Why shouldn’t there be optimization pressure to steer the world in a quite general, even self-reflective, way so that you don’t get caught being misleading?
Or are you saying something like “don’t get caught being misleading” is somehow automatically ‘too small an idea’ to be a thing worth talking about the AI learning to scheme because of?
- Towards_Keeperhood 8 Aug 2025 16:59 UTC
  1 point
  0
  Parent
  I do think there’s optimization pressure to steer for not being caught being misleading, but I think it’s rather because of planning how to achieve other goals while modelling reality accurately, instead of the AI learning to directly value “don’t get caught being misleading” in its learned value function.
  Though possibly the AI could still learn to value this (or alternatively to value “don’t be misleading”), but in such a case these value shards seem more like heuristic value estimators applied to particular situations, rather than a deeply coherent utility specification over universe-trajectories.
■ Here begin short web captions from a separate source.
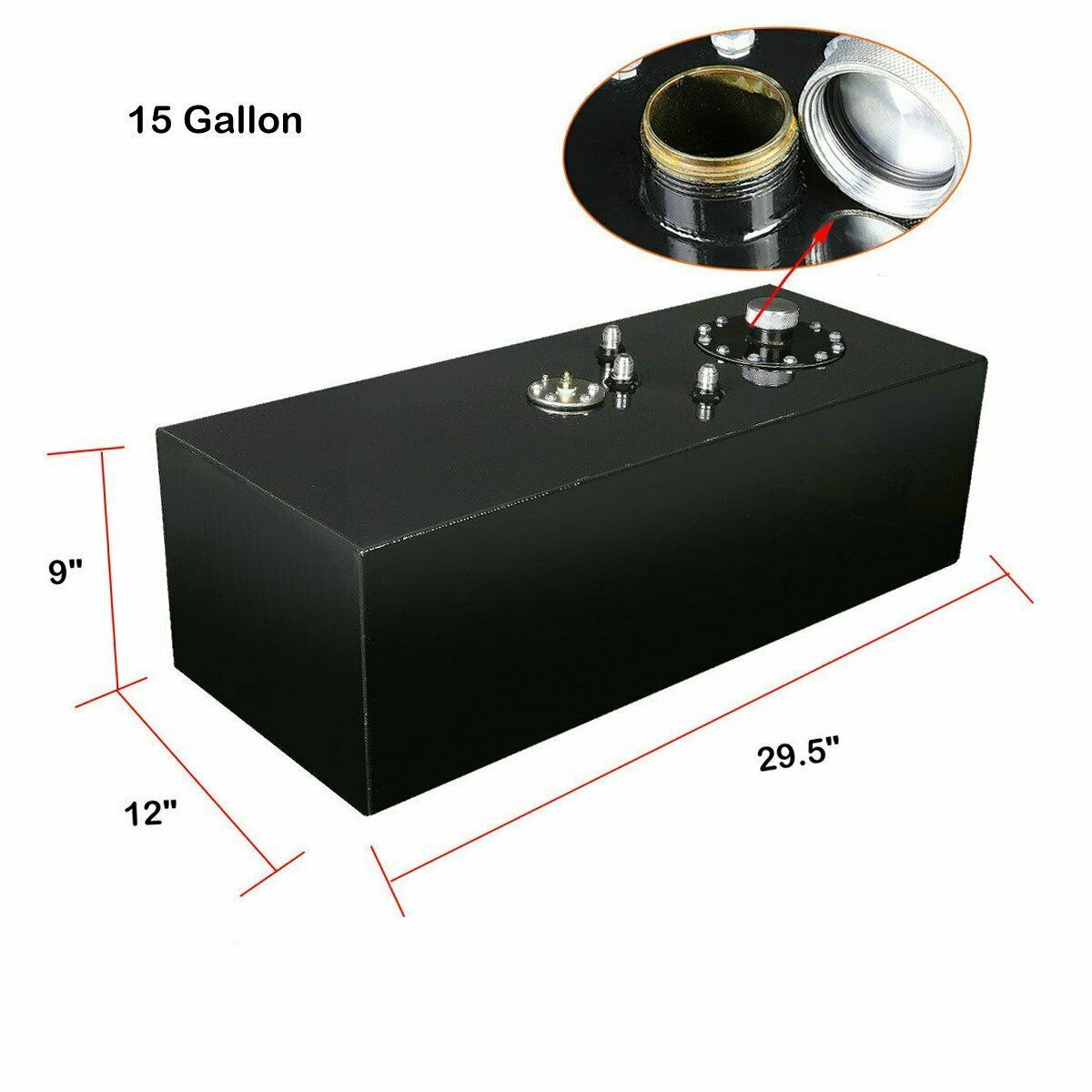 15 Gallon Black Race Fuel Cell Gas Tank w/ Cap & Level Sender Polished ...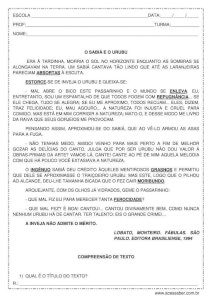 Atividade de interpretação de texto: O sabiá e o urubu - 4º ou 5º ano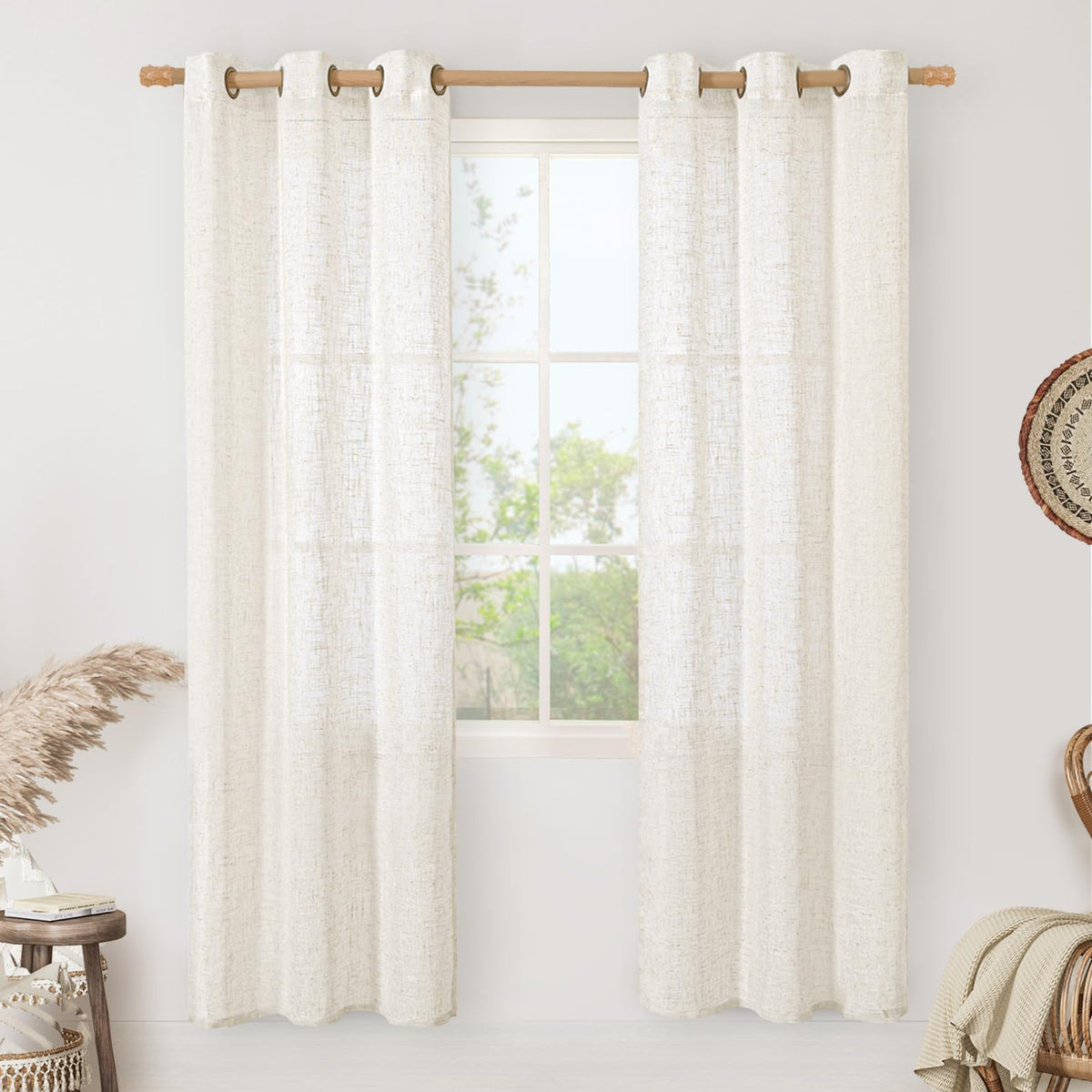 LAMIT Cream Ivory Linen Semi Sheer Curtains 84 inch Length for Bedroom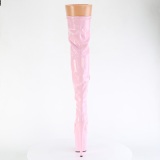 Růžový 20 cm FLAMINGO-3000HWR Hologram platformě overknee kozačky pro tanec na tyči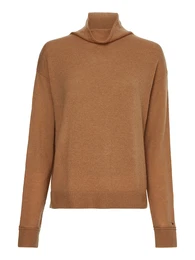 Sweater - SOFTWOOL MOCK-NK SWE brown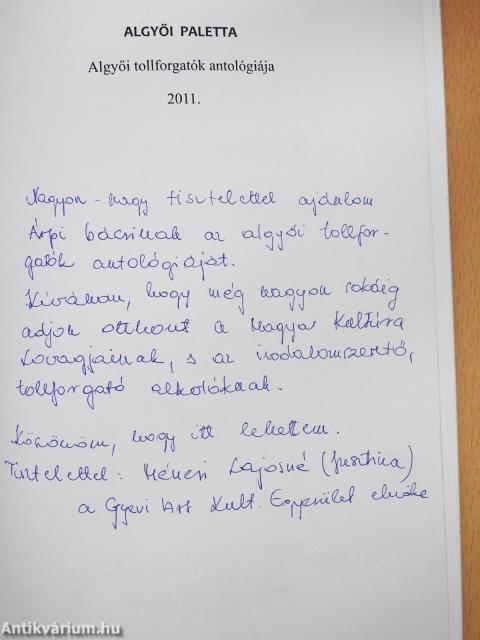 Algyői paletta (dedikált példány)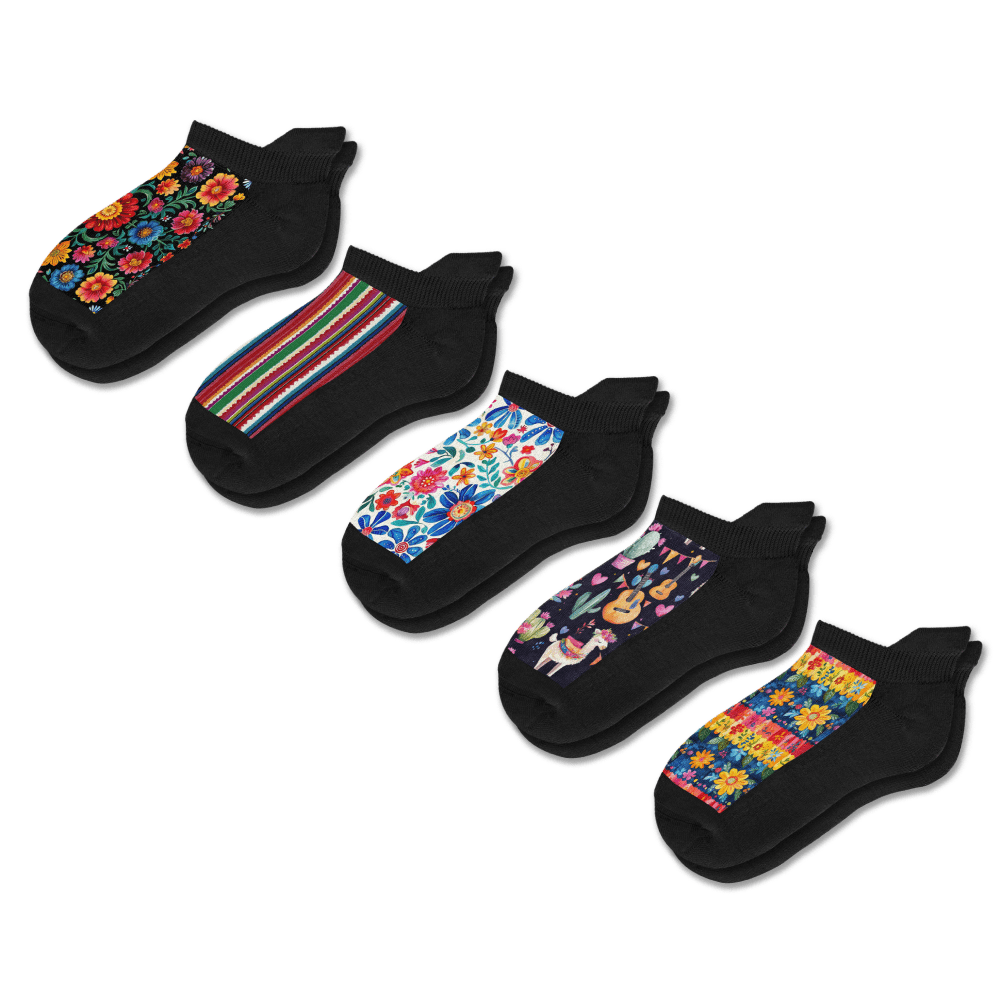 Viasox Fiesta Ankle Socks 5-Pack Bundle front view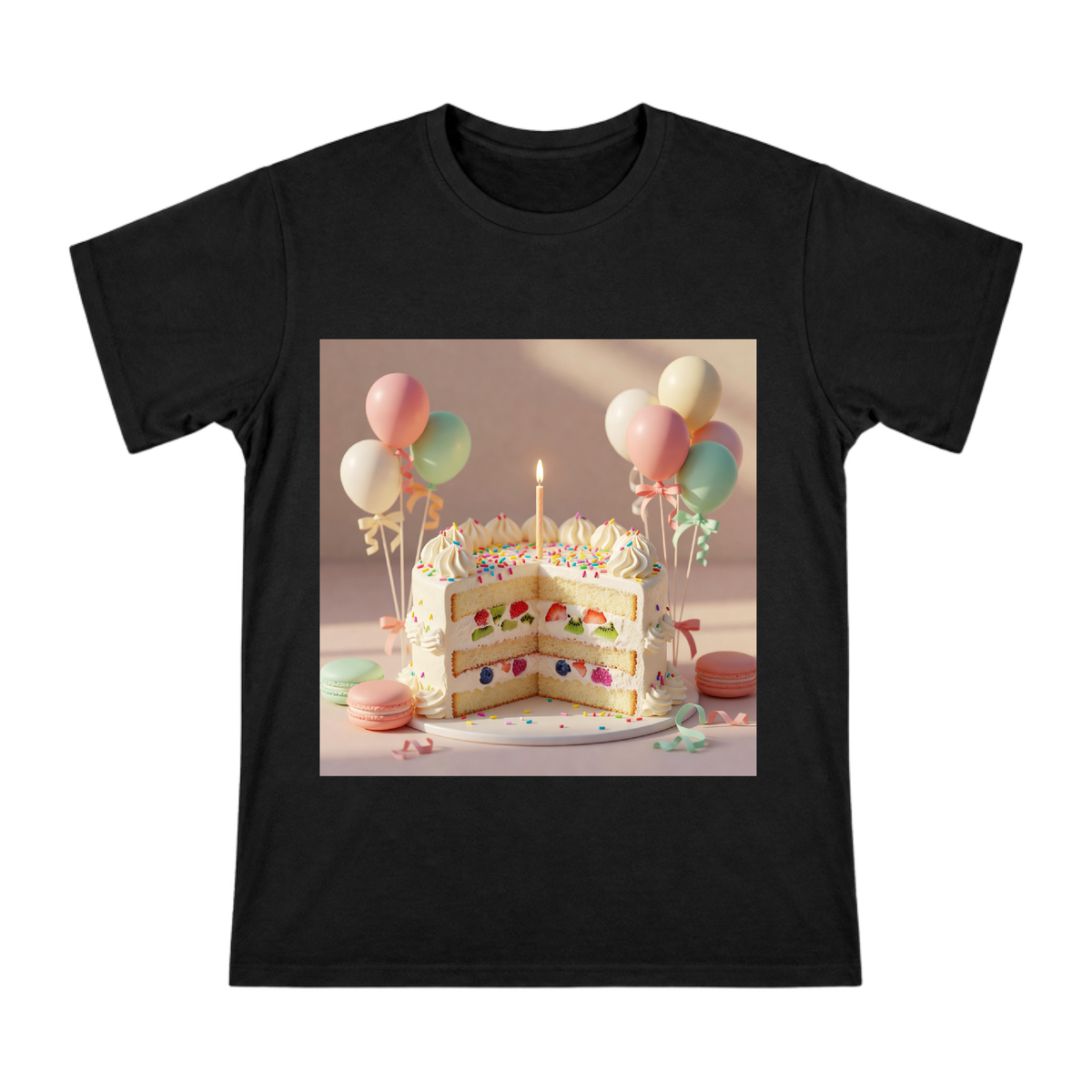 Colorful Fruit Cream Birthday Cake with Balloons Custom Men's Short Sleeve T-Shirt front [ai-pod:e3abf7eceee8e5743823597ac2d962e0]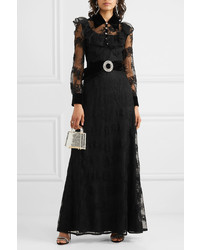 Miu Miu Crystal Embellished Med Lace Gown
And I think such other kind of preferences are probably not really important when you crank up intelligence past the human level because those will be seen as constraints to be optimized around by the more coherent value parts, and you run into nearest unblocked strategy problems. (I mean, you could have a preference over universe trajectories that at no timestep you be misleading, but given the learning setup I would expect a more shallow version of that preference to be learned. Though it’s also conceivable that the AI rebinds it’s intuitive preference to yield that kind of coherent preference.)
  So basically I think we don’t just need to get the AI to learn a “don’t be misleading” value shard, where problems are that (1) it might be outvoted by other shards in cases where being misleading would be very beneficial, and (2) the optimization for other goals might find edge instantiations that are basically still misleading but don’t get classified as such. So we’d need to learn it in exactly the right way.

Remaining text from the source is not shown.